I ended up leaving the kitchen following this, despite hearing the sadness in Omega Lester’s voice as she tried her best to keep me calm over the news. But I wasn’t.
How could one be calm when they are just told that they no longer have control over their own body? How could one be calm when they are just told that they need to become pregnant?
How could one be calm!
I was sitting up in Phil’s room when the thoughts began again. I looked at the window and sighed. I could jump out this window and try to run. Maybe I’d get far, maybe I wouldn’t. I would probably be caught and arrested. Or worse yet, my heat will hit and I’ll be forcibly knotted by a random Alpha on the street. I got up and stood, looking out the window and down at the backyard of Phil’s house. I haven't even been outside since I’ve came here and that’s something that I’m just now realizing.
I wonder if I even could walk outside if I wanted to get fresh air. I haven’t even thought.

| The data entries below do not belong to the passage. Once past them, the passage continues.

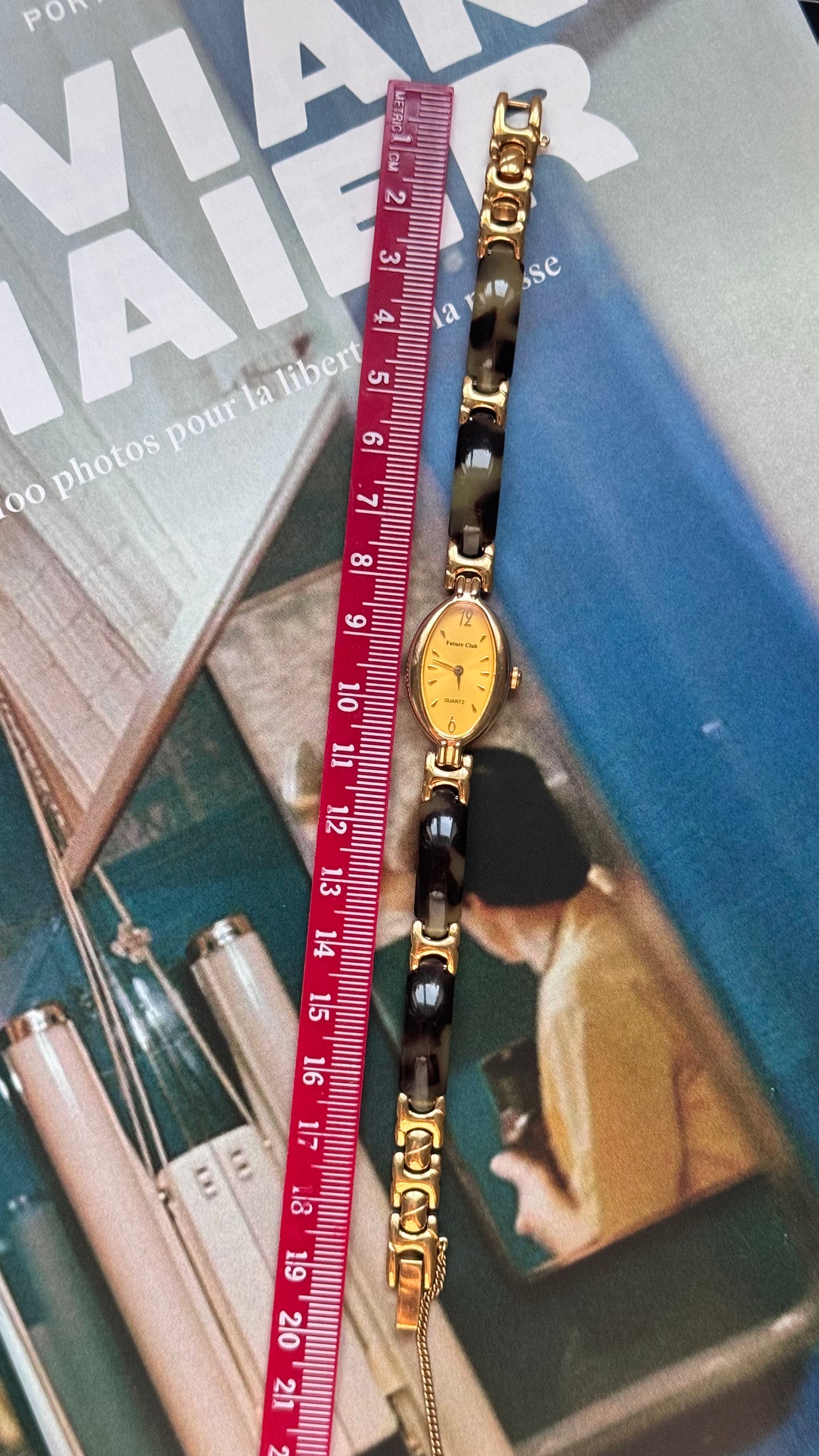 Future Club vintage watch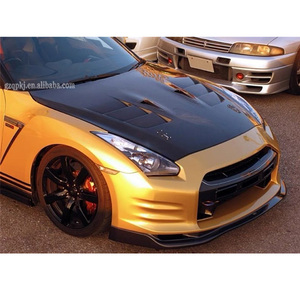 Kit carrosserie pour <span class=keywords><strong>Nissan</strong></span> R35 GTR upgrade pare-chocs avant calandre version SECRET TS - Product Image 5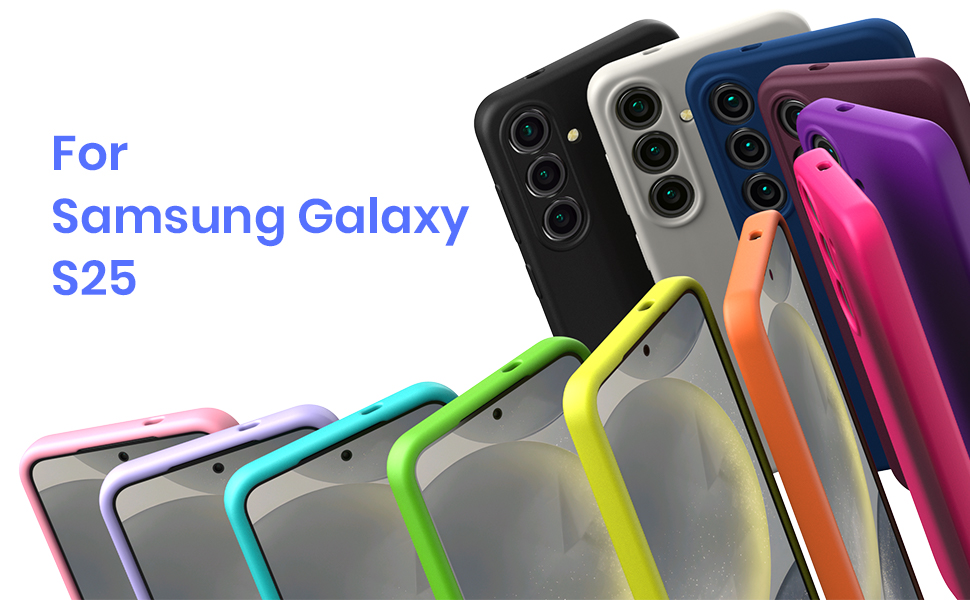 Samsung galaxy S25 silicone case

Deciding that my thoughts were completely ridiculous, I sat down on the bed again. I was about to lay back down when I saw the door creep open and Phil squeeze his body through the small opening.
I laughed to myself, because he could have just opened the door. He crept in and walked over to the bed, when he sat down next to me and looked at me. I looked at him back and sighed, feeling tears brim my eyes, “Why do you need me to have a baby?” I asked softly.
He sighed as well, “My mother just told me of your conversation, and I’m really sorry that you have to go through this,” he said, “I really wish we could wait.”
“But why can’t we?”
“It’s so complicated Dan!”
I groaned in frustration and laid down on the bed next to him. He laid down as well, “Why is everything so complicated?”
He rolled over and pulled me in his arms, “I’ll tell you one day.”
I let go of a deep breath and curled into him,
“One day better be soon,” I mumbled.